*Supplied records*:
===============
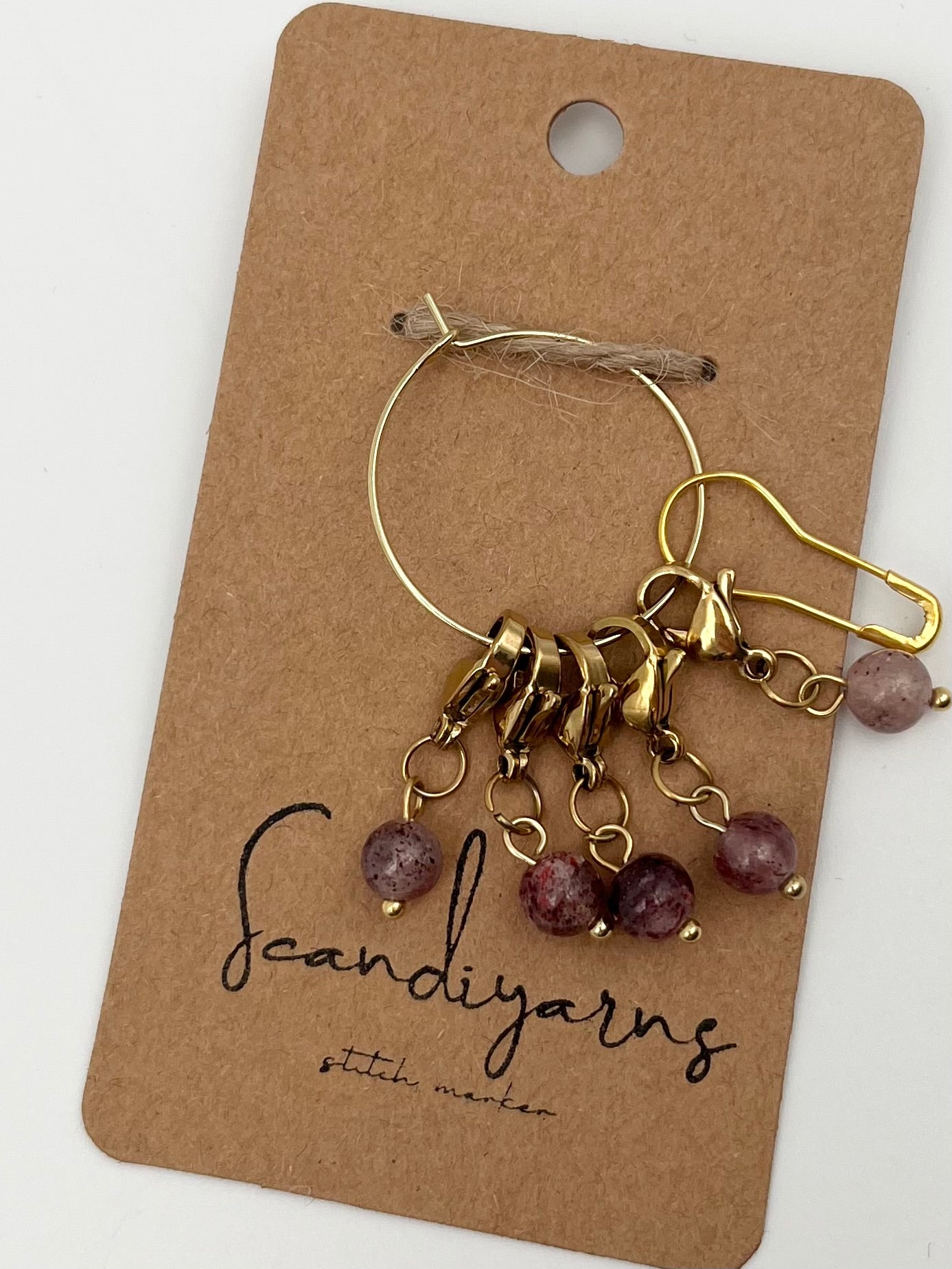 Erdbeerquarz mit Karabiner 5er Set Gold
===============
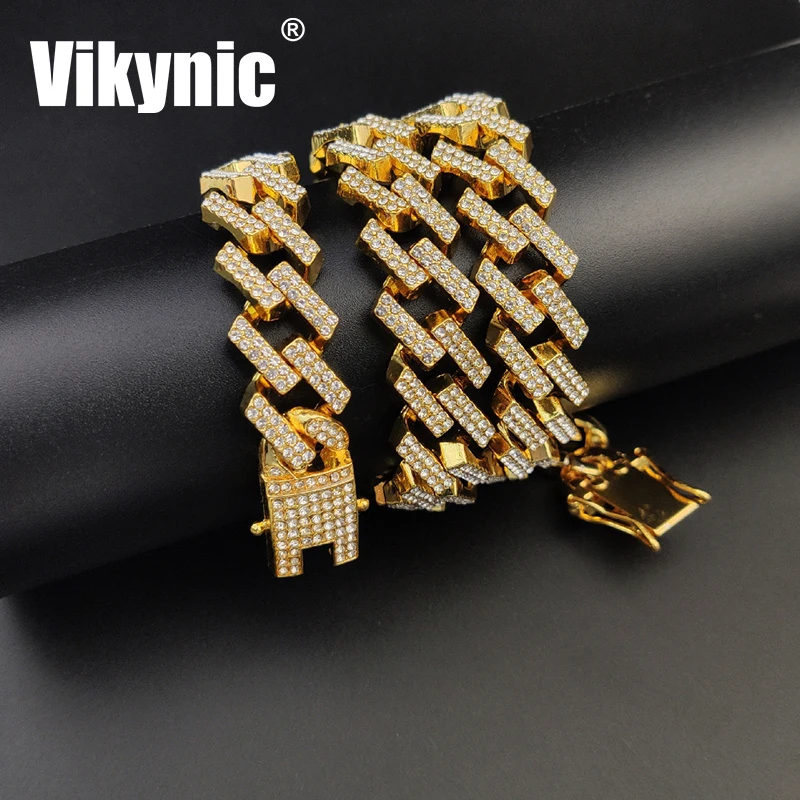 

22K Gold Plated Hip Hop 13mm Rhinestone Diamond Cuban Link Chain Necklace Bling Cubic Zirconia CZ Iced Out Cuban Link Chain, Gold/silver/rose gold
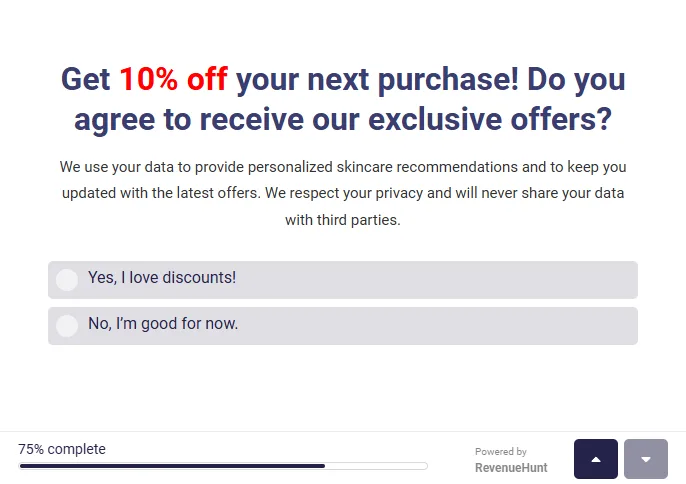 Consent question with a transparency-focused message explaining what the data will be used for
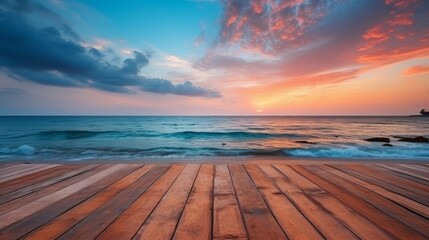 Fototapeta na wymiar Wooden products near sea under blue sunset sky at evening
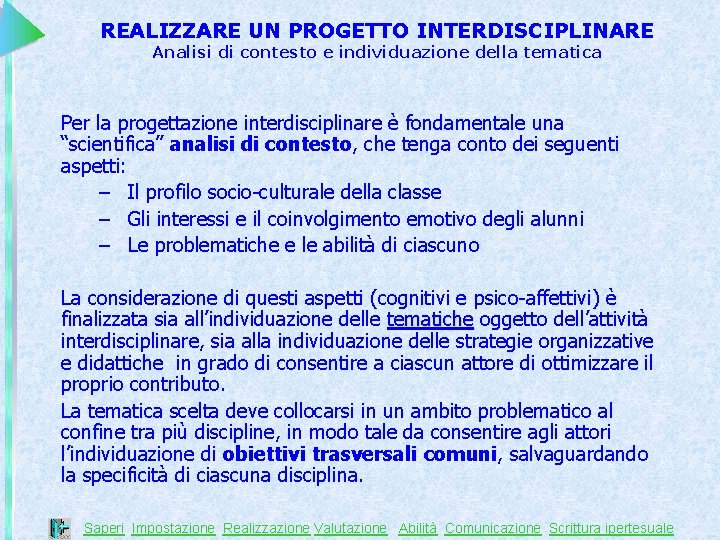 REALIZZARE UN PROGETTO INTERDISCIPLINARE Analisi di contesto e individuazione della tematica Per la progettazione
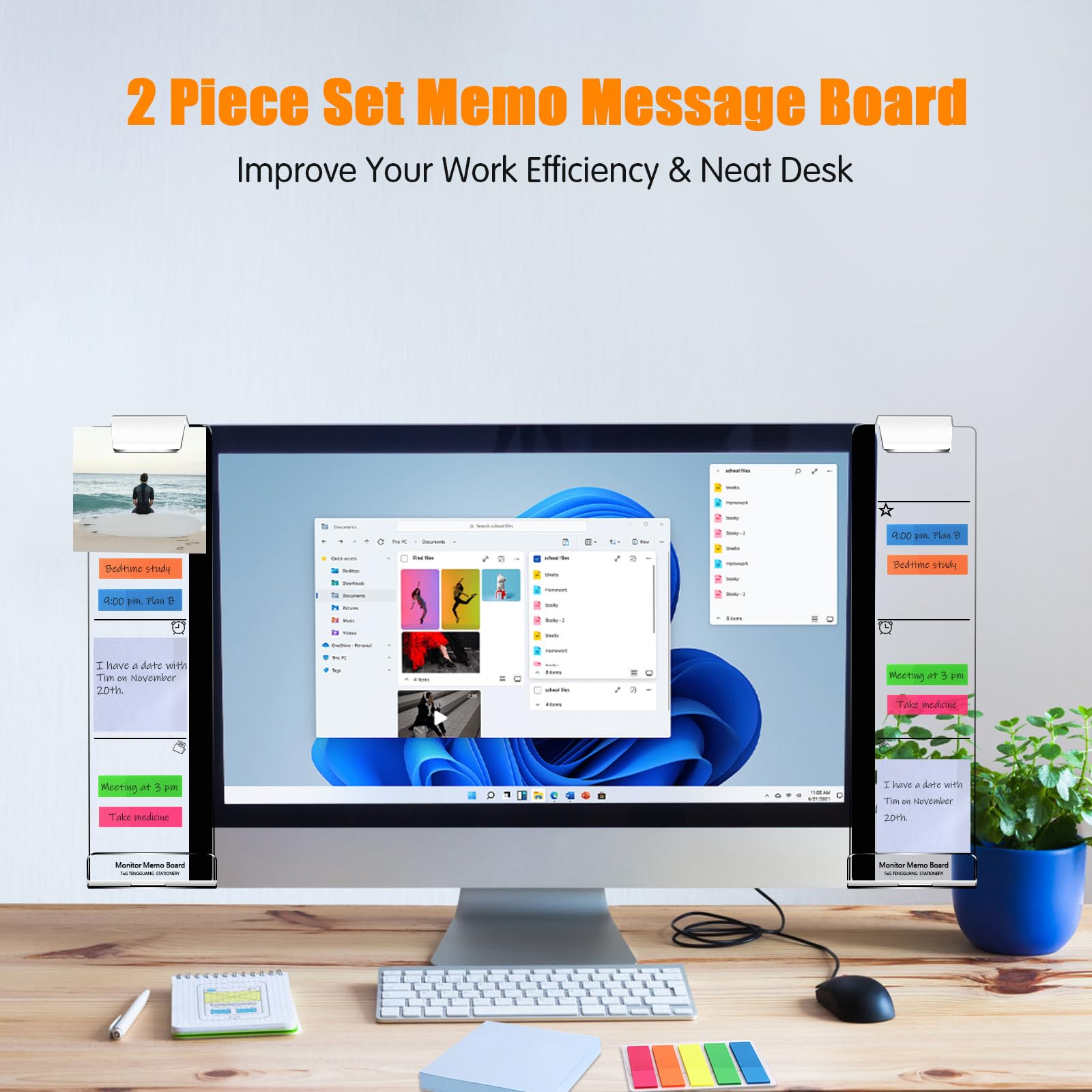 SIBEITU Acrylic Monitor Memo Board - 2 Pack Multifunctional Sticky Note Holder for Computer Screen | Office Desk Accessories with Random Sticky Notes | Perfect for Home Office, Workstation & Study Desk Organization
===============
*What needs to be done*: Would you restate, exactly and with no pictures, the lines of the entries above from the one containing "Consent question with" through the one containing "SIBEITU Acrylic Monitor"?

*Answer for the task*:
 Consent question with a transparency-focused message explaining what the data will be used for
 Fototapeta na wymiar Wooden products near sea under blue sunset sky at evening
 REALIZZARE UN PROGETTO INTERDISCIPLINARE Analisi di contesto e individuazione della tematica Per la progettazione
 SIBEITU Acrylic Monitor Memo Board - 2 Pack Multifunctional Sticky Note Holder for Computer Screen | Office Desk Accessories with Random Sticky Notes | Perfect for Home Office, Workstation & Study Desk Organization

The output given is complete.